Odpowiedzialne są za to przede wszystkim rosnące ceny nieruchomości na rynku. Za pokój w ofercie prywatnej musimy zapłacić nawet 1500 złotych.

- W zależności od lokalizacji, im bliżej kampusu danej uczelni, tym drożej - zwraca uwagę Maciej Dymek z Private House Brokers.

Dochodzą też dodatkowe koszty.

- Student w dzisiejszych realiach rynkowych musi się liczyć z kosztami początkowymi w zasadzie każdego najmu w wysokości pierwszego czynszu oraz wysokości kaucji, a także w wybranych przypadkach również prowizji agencji nieruchomości, która pośredniczy w wynajmie - mówi Maciej Dymek z Private House Brokers.

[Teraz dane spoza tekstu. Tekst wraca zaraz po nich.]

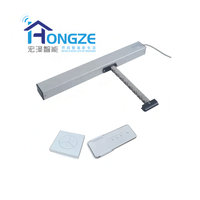 Ouvre-fenêtre électrique à chaîne en aluminium certifié Hongze Fire Code |   Extracteur de fumée, garantie de 2 ans, télécommande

Studiowanie z roku na rok jest coraz droższe

Koszty wynajęcia kawalerki tym bardziej zniechęcają studentów. W mieście akademickim to średnio 3000 złotych miesięcznie.

- Ceny w przedziale między dwa-trzy i pół tysiąca. Im drożej, tym bliżej centrum - zauważa Maciej Dymek. To w mieście akademickim średnio trzy tysiące złotych miesięcznie. Dlatego coraz częściej wygrywa tańsza alternatywa. Tym bardziej, że studiowanie z roku na rok jest coraz droższe.

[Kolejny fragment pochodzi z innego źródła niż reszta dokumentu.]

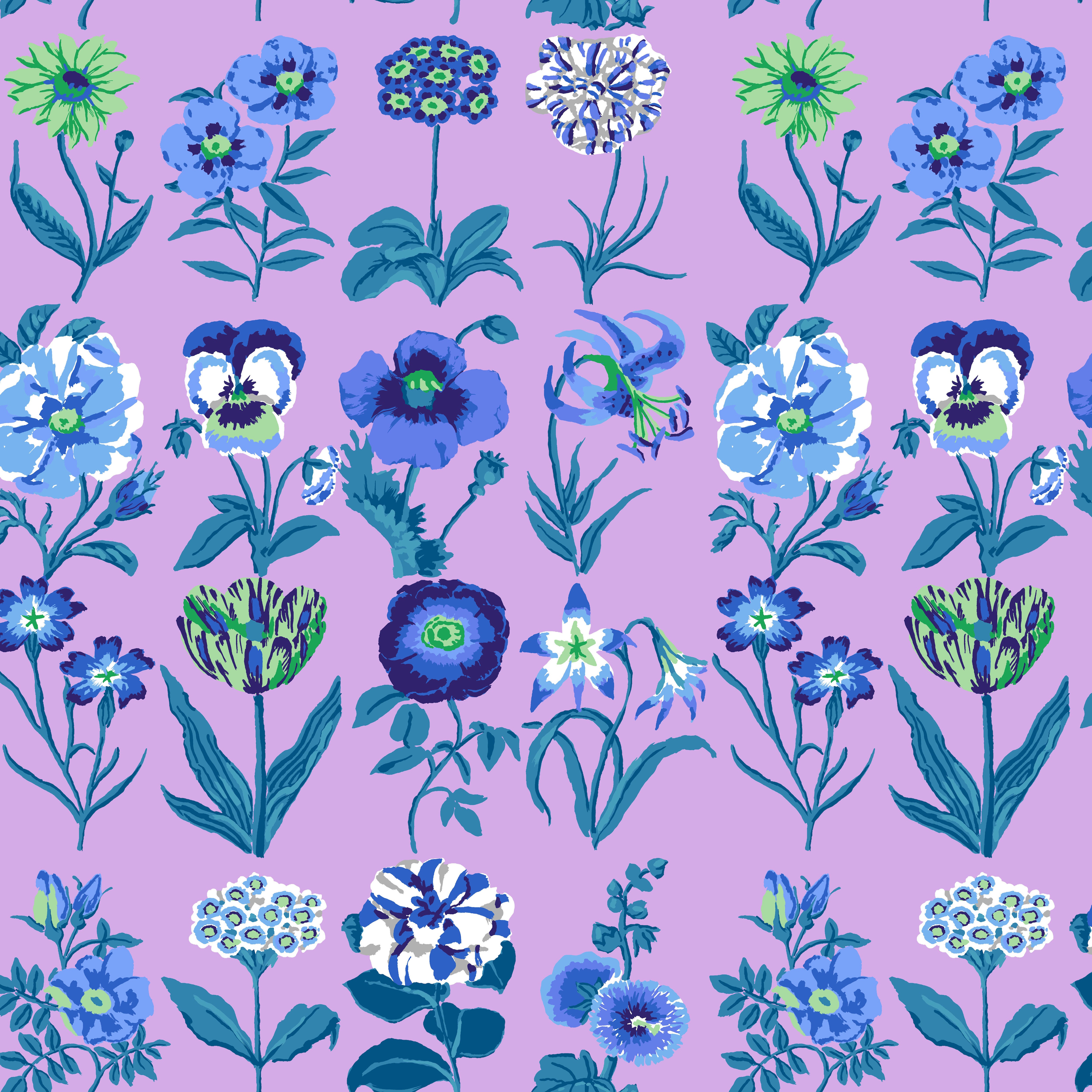 February 2025 | Flower Studies - Lilac by Kaffe Fassett Collective for Free Spirit | PWGP205.LILAC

- Widzę te różnice kwotowe, z roku na rok wszystko idzie do góry. My jako studenci odczuwamy to najbardziej. Chcąc połączyć naukę z pracą, to nie jest takie proste. Ja mam szczęście, że pomagają mi rodzice, wcześniej w zeszłym roku udało mi się mieć stypendium. To było pomocne, ale stypendium to nie jest taka kwota, za którą można się spokojnie utrzymać - przyznaje Kasia.

Miejsc w akademikach jest ciągle za mało. W Polsce na 1 miejsce przypada aż 10 studentów.